Learning Marmoset Vocal Patterns with a Masked Autoencoder for Robust Call Segmentation, Classification, and Caller Identification
This addresses the challenge of analyzing noisy, low-resource non-human vocal communication for researchers studying social-communicative behavior in marmosets, representing an incremental advance.
The paper tackled the problem of learning marmoset vocal patterns for call segmentation, classification, and caller identification by pretraining Transformers with a masked autoencoder on unannotated data, resulting in improved stability and generalization that outperformed CNNs.

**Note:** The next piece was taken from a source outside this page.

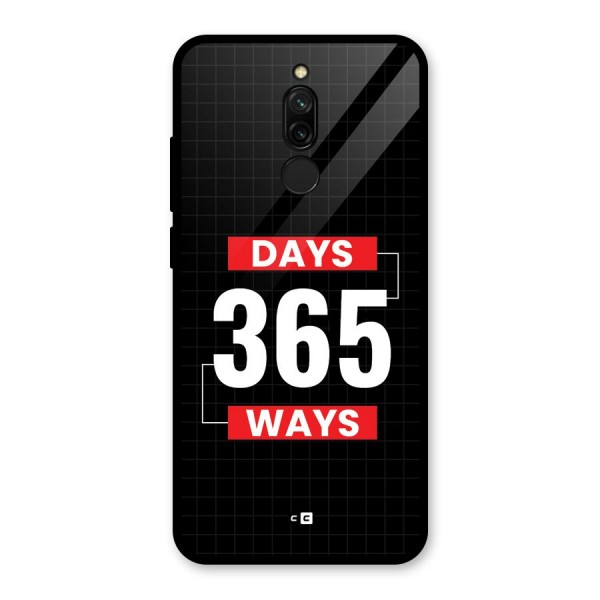 Year Ways Glass Back Case for Redmi 8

The marmoset, a highly vocal primate, is a key model for studying social-communicative behavior. Unlike human speech, marmoset vocalizations are less structured, highly variable, and recorded in noisy, low-resource conditions. Learning marmoset communication requires joint call segmentation, classification, and caller identification -- challenging domain tasks. Previous CNNs handle local patterns but struggle with long-range temporal structure. We applied Transformers using self-attention for global dependencies. However, Transformers show overfitting and instability on small, noisy annotated datasets. To address this, we pretrain Transformers with MAE -- a self-supervised method reconstructing masked segments from hundreds of hours of unannotated marmoset recordings. The pretraining improved stability and generalization. Results show MAE-pretrained Transformers outperform CNNs, demonstrating modern self-supervised architectures effectively model low-resource non-human vocal communication.